Aaron Halfaker (EpochFail) is a Research Scientist at the Wikimedia Foundation (staff account: Halfak (WMF)) and has developed tools that use intelligent algorithms to support wiki work (e.g. en:WP:Snuggle and R:Screening WikiProject Medicine articles for quality) and has performed extensive research on problems related to deletion, AfC, and newcomer socialization in general.

Community Notification

Please paste links below to where relevant communities have been notified of your proposal, and to any other relevant community discussions. Need notification tips?

The following communities have been notified. We plan to contact several WikiProjects for help with manual labeling of articles once we have a set of articles to work with.

notification to AfC

notification to the Article Rescue Squadron

Endorsements

Do you think this project should be selected for an Individual Engagement Grant? Please add your name and rationale for endorsing this project in the list below. (Other constructive feedback is welcome on the talk page of this proposal).
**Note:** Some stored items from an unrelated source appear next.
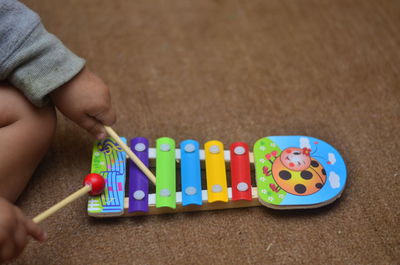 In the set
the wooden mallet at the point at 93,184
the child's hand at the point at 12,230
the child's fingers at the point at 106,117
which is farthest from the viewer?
the child's fingers at the point at 106,117

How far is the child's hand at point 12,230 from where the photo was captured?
56cm

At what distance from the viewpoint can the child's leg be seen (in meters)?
0.71

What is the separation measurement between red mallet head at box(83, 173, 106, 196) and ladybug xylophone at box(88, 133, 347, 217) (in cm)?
2

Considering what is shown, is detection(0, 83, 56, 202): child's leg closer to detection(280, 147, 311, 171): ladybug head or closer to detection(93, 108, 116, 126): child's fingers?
detection(93, 108, 116, 126): child's fingers

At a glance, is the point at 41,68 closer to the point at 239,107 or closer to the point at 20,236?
the point at 20,236

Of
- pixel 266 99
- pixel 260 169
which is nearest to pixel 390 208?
pixel 260 169

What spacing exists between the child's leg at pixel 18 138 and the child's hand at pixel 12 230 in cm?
14

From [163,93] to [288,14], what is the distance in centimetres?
45

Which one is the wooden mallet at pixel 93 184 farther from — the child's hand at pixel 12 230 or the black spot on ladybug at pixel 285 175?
the black spot on ladybug at pixel 285 175

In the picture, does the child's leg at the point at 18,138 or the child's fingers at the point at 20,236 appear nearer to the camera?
the child's fingers at the point at 20,236

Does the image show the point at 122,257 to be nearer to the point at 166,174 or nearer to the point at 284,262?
the point at 166,174

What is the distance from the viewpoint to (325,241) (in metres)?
0.75

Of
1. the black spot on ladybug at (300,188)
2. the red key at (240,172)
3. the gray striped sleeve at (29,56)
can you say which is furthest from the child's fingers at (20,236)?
the black spot on ladybug at (300,188)

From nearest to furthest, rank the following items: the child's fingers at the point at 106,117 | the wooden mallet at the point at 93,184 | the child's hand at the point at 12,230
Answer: the child's hand at the point at 12,230
the wooden mallet at the point at 93,184
the child's fingers at the point at 106,117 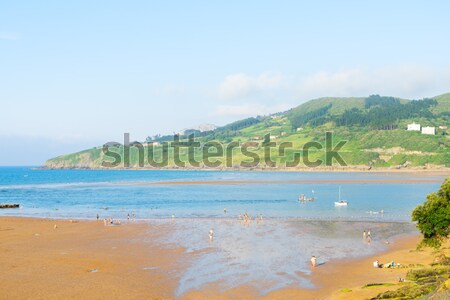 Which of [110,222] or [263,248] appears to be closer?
[263,248]

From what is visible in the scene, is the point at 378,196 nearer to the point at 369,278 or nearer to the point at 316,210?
the point at 316,210

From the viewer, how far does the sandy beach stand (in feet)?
113

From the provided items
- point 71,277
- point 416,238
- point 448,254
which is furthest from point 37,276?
point 416,238

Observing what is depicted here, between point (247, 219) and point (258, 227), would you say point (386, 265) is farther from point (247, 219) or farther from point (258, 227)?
→ point (247, 219)

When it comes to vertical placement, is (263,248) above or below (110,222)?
below

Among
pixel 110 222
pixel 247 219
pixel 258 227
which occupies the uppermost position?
pixel 247 219

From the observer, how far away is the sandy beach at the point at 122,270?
34.4 m

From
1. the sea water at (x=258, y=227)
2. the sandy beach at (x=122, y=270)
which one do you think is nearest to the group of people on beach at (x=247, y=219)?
the sea water at (x=258, y=227)

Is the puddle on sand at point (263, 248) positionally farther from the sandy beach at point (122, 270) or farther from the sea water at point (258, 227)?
the sandy beach at point (122, 270)

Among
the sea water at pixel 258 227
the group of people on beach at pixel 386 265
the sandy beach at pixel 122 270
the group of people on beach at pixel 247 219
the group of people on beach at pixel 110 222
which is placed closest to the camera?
the sandy beach at pixel 122 270

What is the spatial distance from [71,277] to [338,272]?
2349 centimetres

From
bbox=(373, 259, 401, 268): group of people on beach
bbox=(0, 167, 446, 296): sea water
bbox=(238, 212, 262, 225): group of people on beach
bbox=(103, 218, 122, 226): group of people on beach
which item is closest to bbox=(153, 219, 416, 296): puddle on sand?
bbox=(0, 167, 446, 296): sea water

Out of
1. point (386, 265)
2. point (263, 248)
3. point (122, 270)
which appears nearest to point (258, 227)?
point (263, 248)

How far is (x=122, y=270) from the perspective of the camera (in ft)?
138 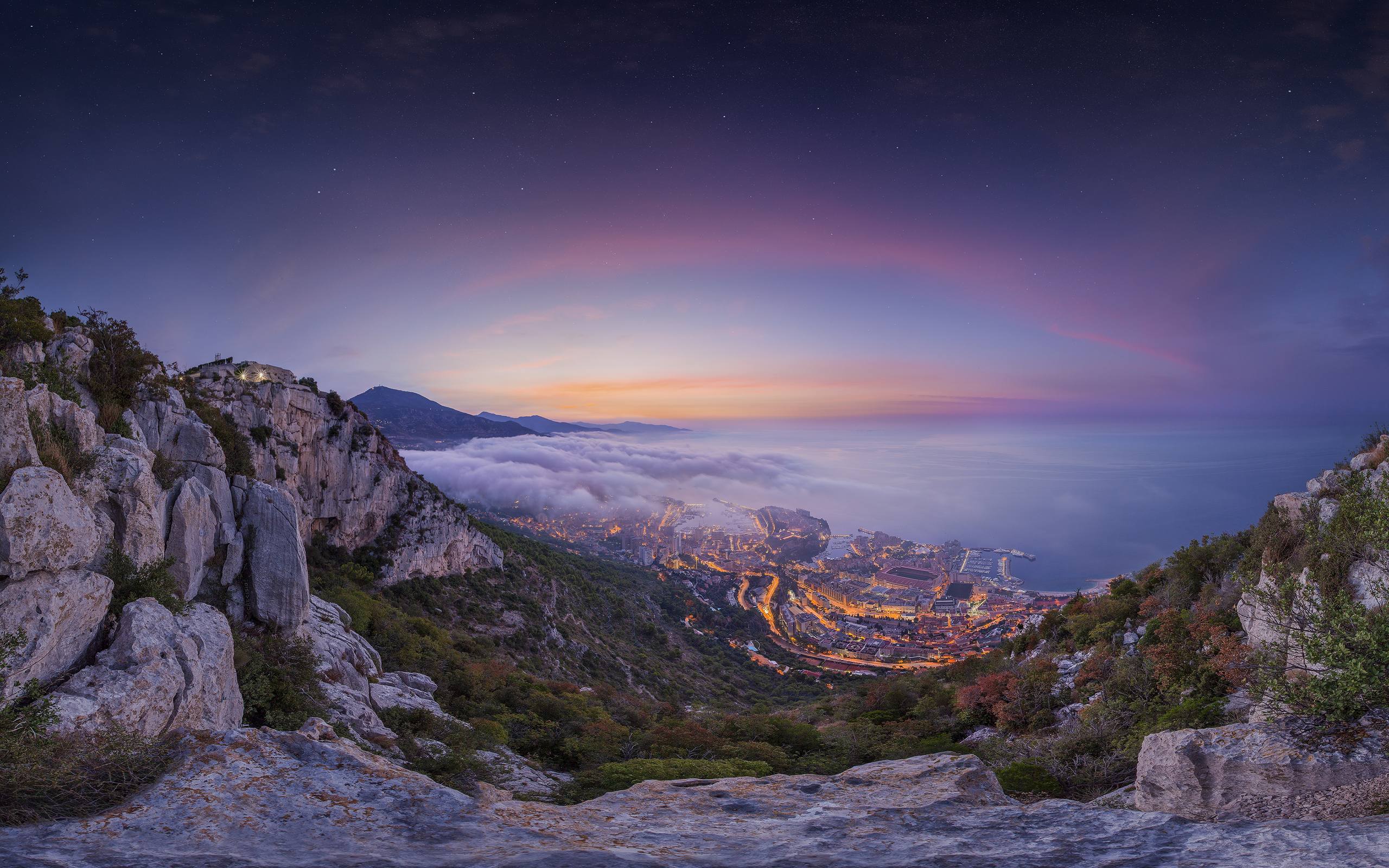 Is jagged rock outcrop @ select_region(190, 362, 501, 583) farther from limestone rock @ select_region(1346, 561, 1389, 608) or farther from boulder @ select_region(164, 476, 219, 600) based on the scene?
limestone rock @ select_region(1346, 561, 1389, 608)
Community member: add your name and rationale here.

As a long-term participant and closer at AfD, and a frequent participant at AfC on ENWIKI, I have long experience the grave difficulties involved both working to our notability guidelines and explaining them to new editors. This effort holds promise for moving us not only in the direction of assisting reviewers and new editors at a process I currently describe as a "whisper chipper for new editors." I do not mean to suggest that I expect an immediate panacea here, but this is the right first step towards what I hope will be a longer series of efforts leveraging what technologies we can leverage into solving some of Wikipedia's biggest user engagement hurdles. I strongly endorse this effort. --Joe Decker (talk) 15:35, 16 September 2014 (UTC)
I am supportive of this idea, as I would like to start seeing more formal ways to judge notability on our site outside of individual ideas on notability. Kevin Rutherford (talk) 02:04, 17 September 2014 (UTC)
Support the idea. Additionally, if this tool could also pick out unsourced articles (which often goes hand-in-hand with being non-notable), and integrated into the helper script, this could massively improve the reviewing workflow. Mdann52 (talk) 07:38, 17 September 2014 (UTC)

This does not require machine learning, so will not be part of the preliminary prototype, but should be very easy to integrate into the completed tool. Thanks for your support! Bluma.Gelley (talk) 07:53, 17 September 2014 (UTC)

Yeah, I am aware. Just giving suggestions of possible future features, and something that could be picked up on to show no notability :) Mdann52 (talk) 12:35, 17 September 2014 (UTC)

Definitely! Please keep the suggestions coming! Bluma.Gelley (talk) 20:40, 17 September 2014 (UTC)

Hi Mdann52, a thought on unsourced articles: en:Special:NewPagesFeed does this for new mainspace articles, but I'm not sure how. I've left a comment for the maintainers to try to get more info. Out of scope of the envisioned project here -- but worth pursuing separately IMO. Jodi.a.schneider (talk) 15:55, 24 September 2014 (UTC)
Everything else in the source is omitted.